CAMPAIGNERS have won the right to pursue proceedings against ministers over their refusal to commission investigations into how former president Donald Trump financed the purchase of his Scottish golf courses.
Lord Sandison has given permission for a judicial review to appeal the Scottish government's decision not to pursue the probe.
Avaaz, an international human rights organisation which is incorporated in Delaware, has been pursuing ministers in relation to how Mr Trump, 75, was able to finance the purchase of golf courses at Turnberry, Ayrshire, in 2014 and Menie, Aberdeenshire, in 2006.
The group had questioned whether ministers had acted unlawfully in failing to make an application for an Unexplained Wealth Orders (UWO) in relation to Mr Trump's assets in Scotland.
The UWO mechanism was introduced in 2018 to help authorities fight money laundering and target the illicit wealth of foreign officials.
The Trumps have said that claims the golf courses were acquired by illegitimate means have “no basis in fact”.
At a previous hearing, Ruth Crawford QC, acting for the Scottish government, said that legal rules stated that Avaaz should have raised their case within three months of the Holyrood administration’s refusal.
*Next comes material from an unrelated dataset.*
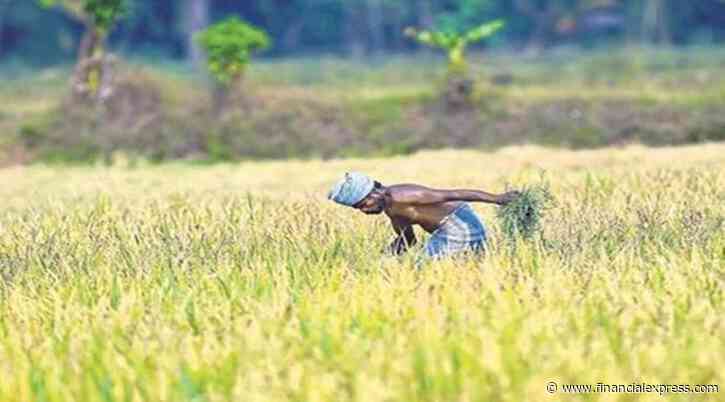 Vagaries of weather drive near 13 lakh Maha farmers to crop insurance scheme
The position of ministers over the responsibility for seeking UWOs more generally had been made clear in correspondence from May 2019 onwards.
Lord Sandison said that he believed the action brought by Avaaz had a “real” chance of success but ruled that the organisation had not brought the proceedings within a time limit.
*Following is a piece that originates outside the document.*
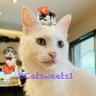 Profilbild von 猫南瓜(ㆁᴗㆁ✿)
He then asked the lawyers in the case whether the court could use its discretion to waive the limit.
Avaaz argued that substantial prejudice would be caused to them and to the public interest were the petition not to be permitted to proceed.
According to a court ruling, ministers argued that it would be "disproportionate" to grant an extension of time to allow the petition to proceed "with the necessary consequent call on the public resources of the ministers and the court, particularly where any true public interest could be vindicated in suitable future proceedings if the need arose".
But Lord Sandison said:"I grant permission for the petition to proceed without condition or restriction."
He indicated that he did not understand an argument of counsel for ministers that some aspects of the case did not raise matters of such live and substantive public importance as to render it in the interests of justice to allow it to proceed.
From the Avaaz website
But he said the tenor of Avaaz's briefing paper of April 2019 gave "plain grounds for scepticism" that its motivation in bringing the case was truly a desire to clarify the somewhat technical aspects of the general law which arise, as opposed to a desire to "further a political agenda to oppose the interests of Mr Trump by any means available".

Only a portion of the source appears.